Utilities in the United States each year save billions of dollars due to federal and state tax loopholes, money that could instead be funneled into energy efficiency programs, according to a report issued Wednesday by the Institute for Policy Studies. “Of the 40 U.S. publicly held utilities companies that were profitable in 2015, 23 paid no federal income taxes and 16 paid no state taxes,” the report says.
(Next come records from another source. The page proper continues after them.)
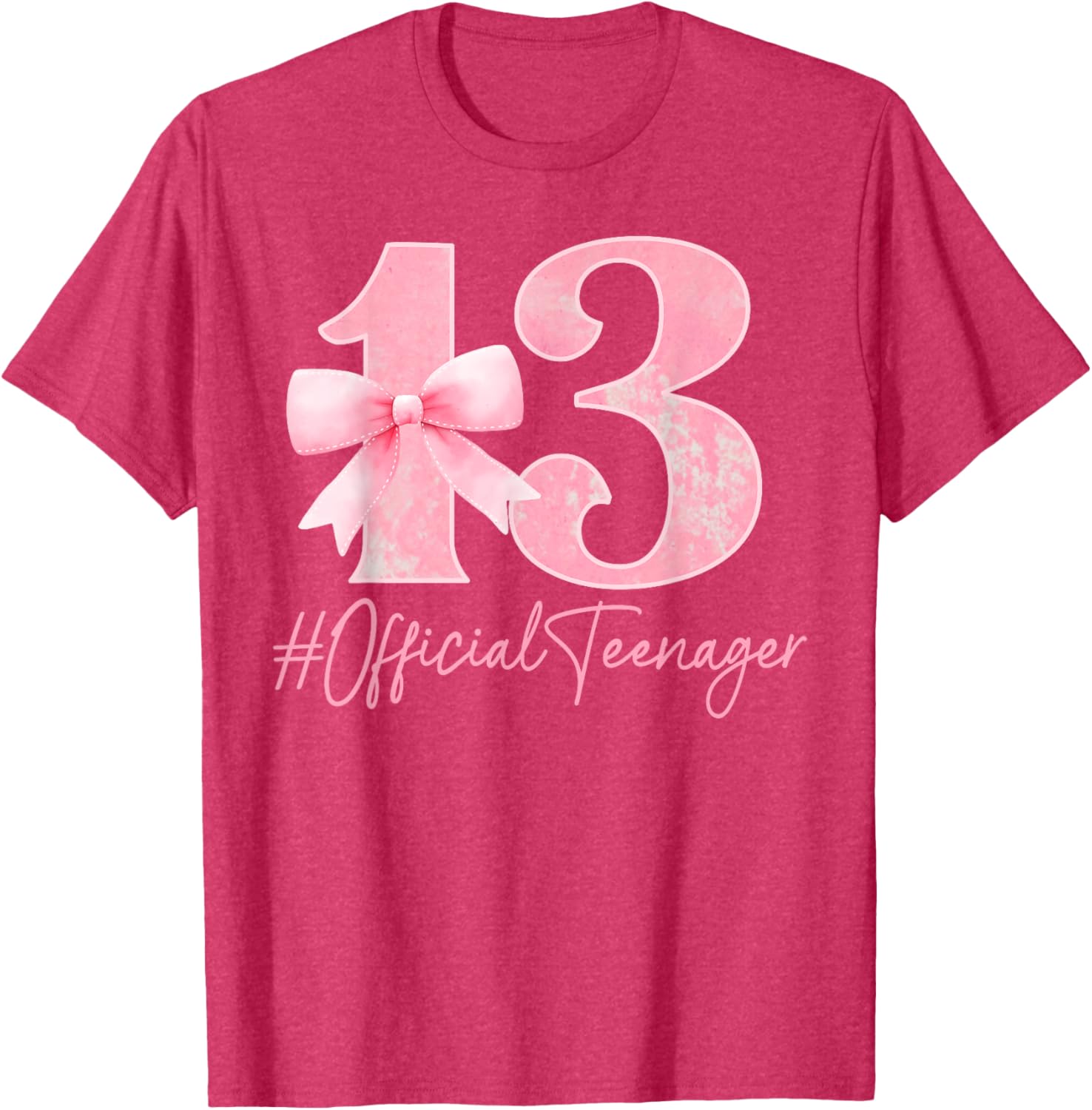 Cute Pink 13th Birthday Coquette Bow T-Shirt for Girls Turning 13 - 9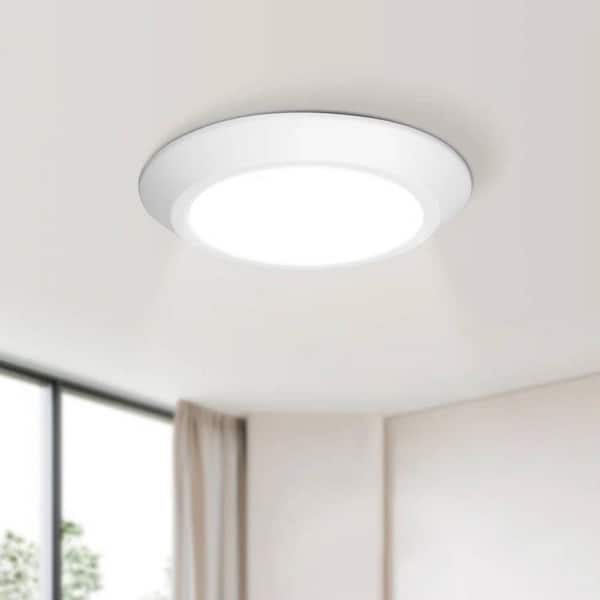 7 in. 15-Watt Simple Modern White Integrated LED Flush Mount withe White Acrylic Shade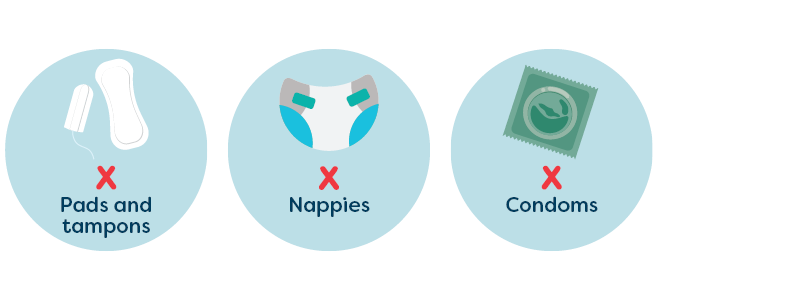 No pads and tampons, nappies and condoms icons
According to the report, many of these utilities oppose the Environmental Protection Agency’s Clean Power Plan, carbon emissions standards for existing coal-fired power plants, because it would require expensive investments in clean energy sources. “A cheaper, faster route to achieving the Clean Power Plan goals would be to reduce electricity demand through improved energy efficiency. This report calculates how much additional revenue would be available for investment in energy efficiency if utilities paid their fair share of taxes,” the report says.
If those 40 utilities had been taxed at a rate at least as high as retailers, “which are similarly tethered to U.S. communities,” according to the report, federal and state revenue would increase $14.1 billion annually. “The $14.1 billion in extra revenue that could have been generated through fair taxation is nearly double the amount state governments and utilities spent on energy efficiency in 2015. It would be enough to create more than 88,000 energy efficiency jobs or weatherize homes for up to 3 million low-income families,” the report concludes.